WORK INSTRUCTIONS → All lines below between the line with "Iveco Turbotech **170-23-6X2-V8-GERMAN" and the line with "Azienda agricola ed agrituristica cafaggio", including both, must be copied exactly, and the pictures must be omitted.
[[ DATA, beginning ]]
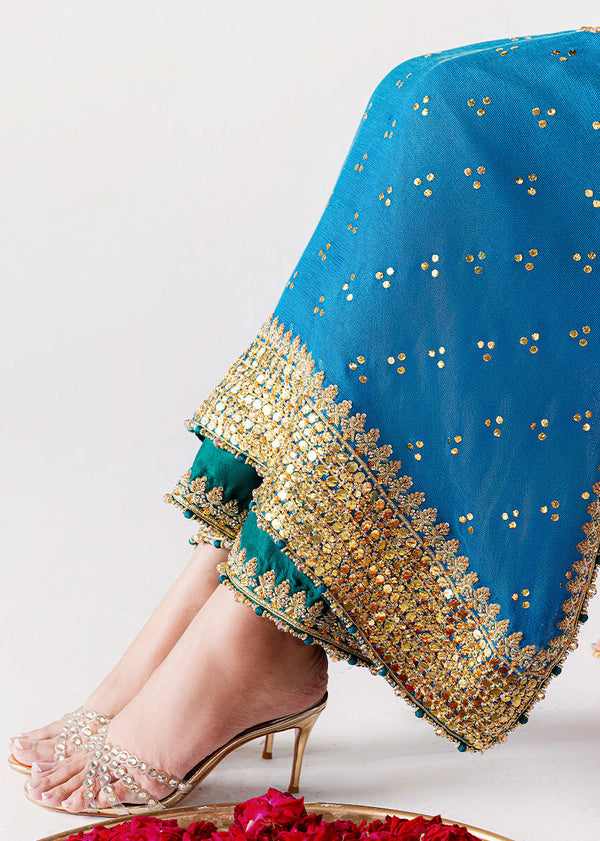 Sara Rohale Asghar - Shab Ayin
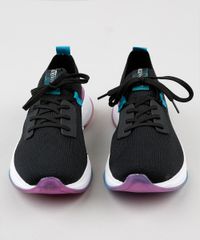 Tenis-Feminino-Actvitta-Knit-Running-com-Cadarco-Preta-9919524-Preto_5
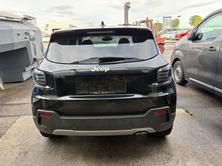 JEEP Avenger 1.2 Turbo MHEV Swiss Altitude, Hybride Leggero Benzina/Elettrica, Occasioni / Usate, Automatico - 2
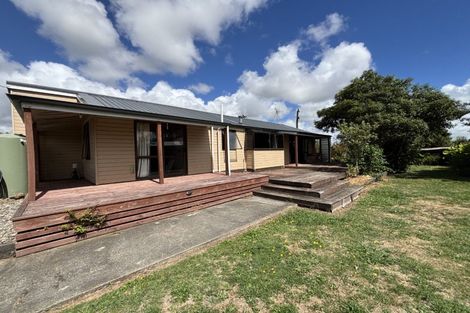 Photo of property in 36 Karaka Street, Tokomaru, Palmerston North, 4474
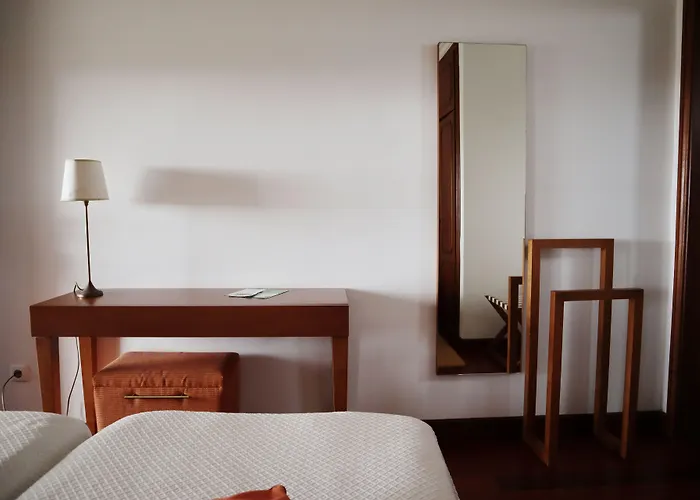 Casa D'avo Beatriz 4*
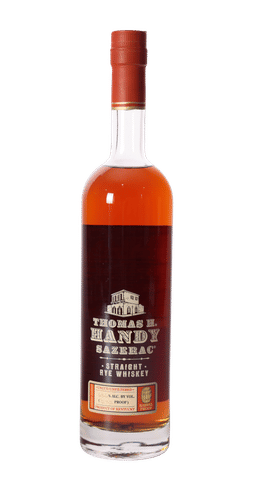 Thomas H. Handy BTAC (2024, 127.2 Proof)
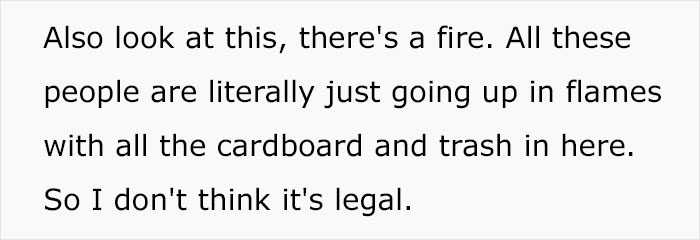 Woman Rents An Apartment In New York For $1,575, Is Shocked After Moving In By The Awful View From Her Only Window Woman Rents An Apartment In New York For $1,575, Is Shocked After Moving In By The Awful View From Her Only Window
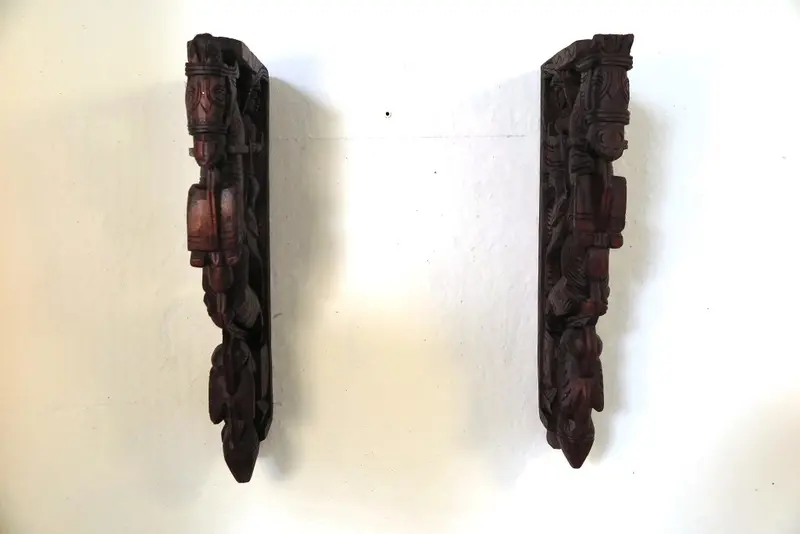 reggimensole indiani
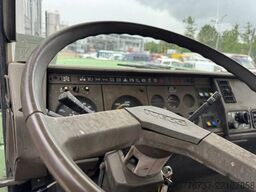 Iveco Turbotech **170-23-6X2-V8-GERMAN TRUCK**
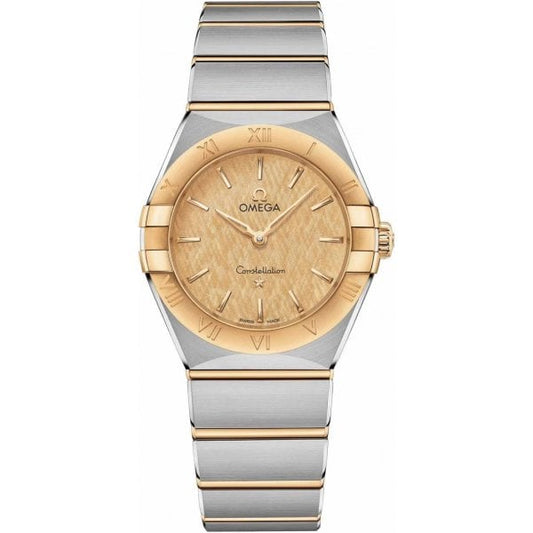 Constellation Quartz 28 mm Ladies Watch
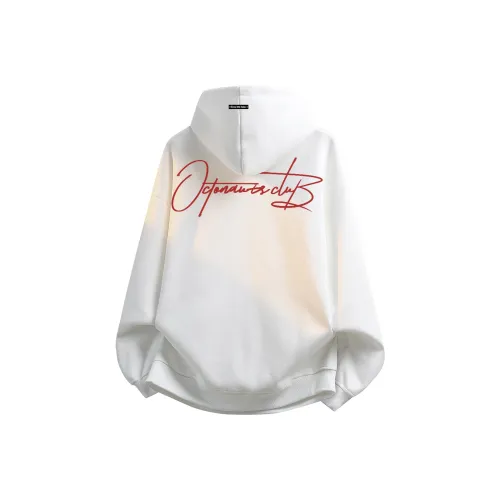 Octonauts Унисекс Свитшоты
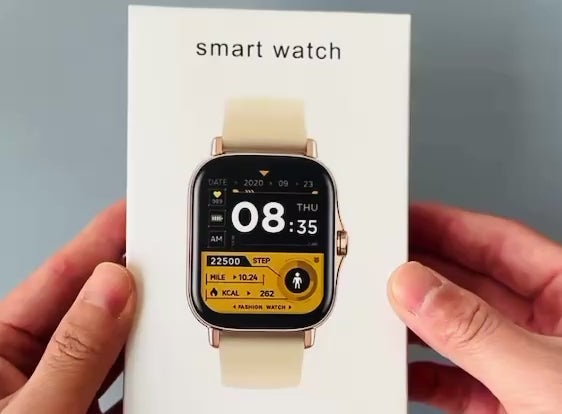 Universal smart watch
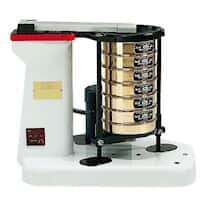 W.S. Tyler Ro-Tap Shaker for 12" Diameter Sieves, 110 VAC, 60 Hz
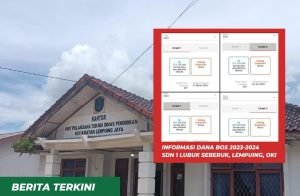 Dana BOS SDN 1 Lubuk Seberuk Diduga Dikorupsi, LSM Mitra Mabes Desak APH Usut Tuntas Aliran Dana Ratusan Juta Rupiah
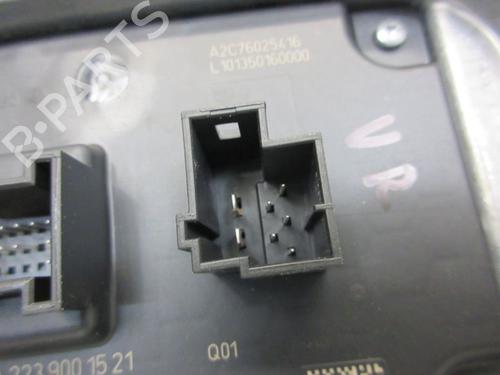 Control unit MERCEDES-BENZ EQS (V297) EQS 450+ (297.123) | BP29099175M11 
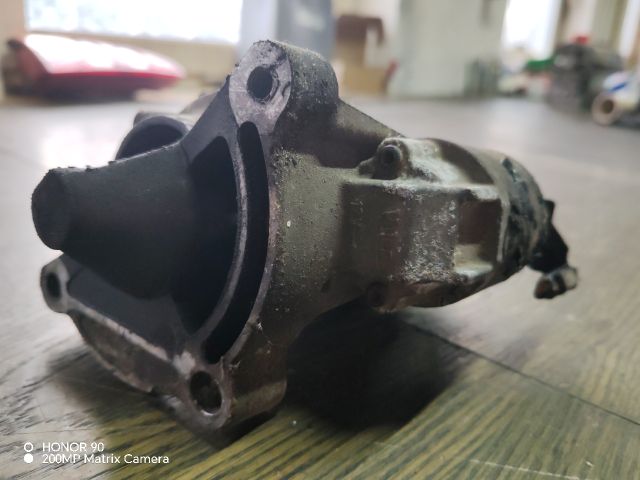 bontott PEUGEOT 206 Önindító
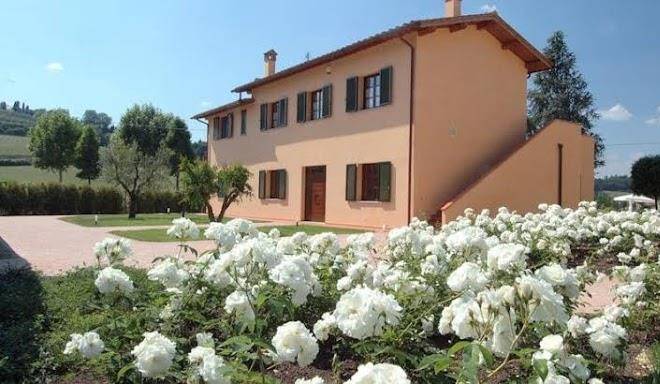 Azienda agricola ed agrituristica cafaggio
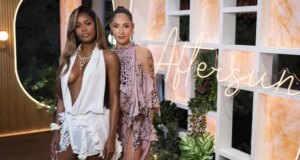 Bagaimana Kekuatan Bintang Reality TV Ciara Miller dan Kecerdasan Media Sosial Tefi Pessoa Mengubah ‘Love Island Aftersun’
| beritakitanih Bagaimana Kekuatan Bintang Reality TV Ciara Miller dan Kecerdasan Media Sosial Tefi Pessoa Mengubah 'Love Island Aftersun'
| beritakitanih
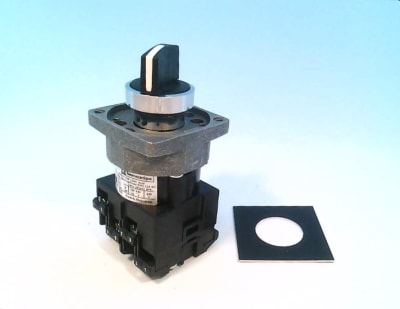 SCHNEIDER ELECTRIC K2SB23A4XH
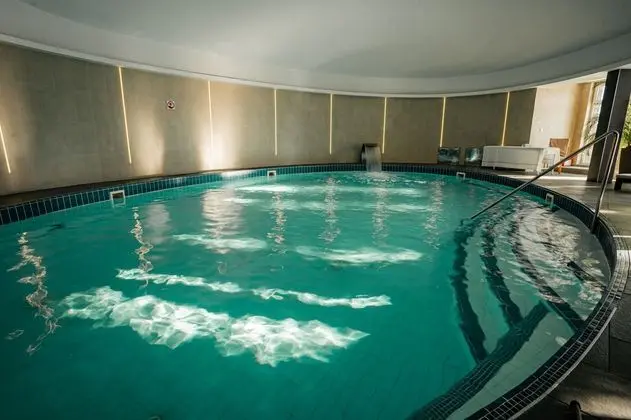 Šport Hotel Donovaly - Havuz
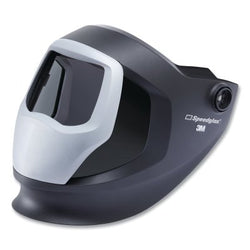 Conjunto de casco Versaflo™ Serie M con pantalla de soldadura Speedglas™ M-153SG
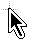 larrow_r.cur Preview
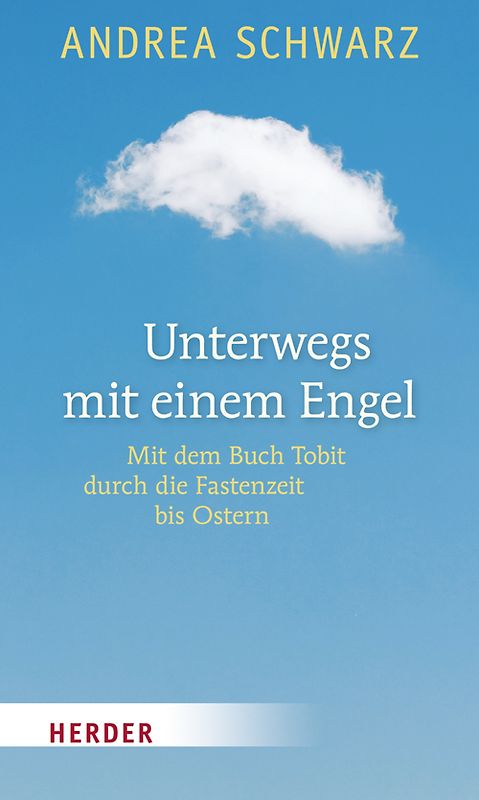 Unterwegs mit einem Engel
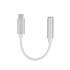 Adapteris USB-C- jack 3,5mm, Setty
[[ DATA, end ]]
YOUR RESPONSE →
 Iveco Turbotech **170-23-6X2-V8-GERMAN TRUCK**
 Constellation Quartz 28 mm Ladies Watch
 Octonauts Унисекс Свитшоты
 Universal smart watch
 W.S. Tyler Ro-Tap Shaker for 12" Diameter Sieves, 110 VAC, 60 Hz
 Dana BOS SDN 1 Lubuk Seberuk Diduga Dikorupsi, LSM Mitra Mabes Desak APH Usut Tuntas Aliran Dana Ratusan Juta Rupiah
 Control unit MERCEDES-BENZ EQS (V297) EQS 450+ (297.123) | BP29099175M11 
 bontott PEUGEOT 206 Önindító
 Azienda agricola ed agrituristica cafaggio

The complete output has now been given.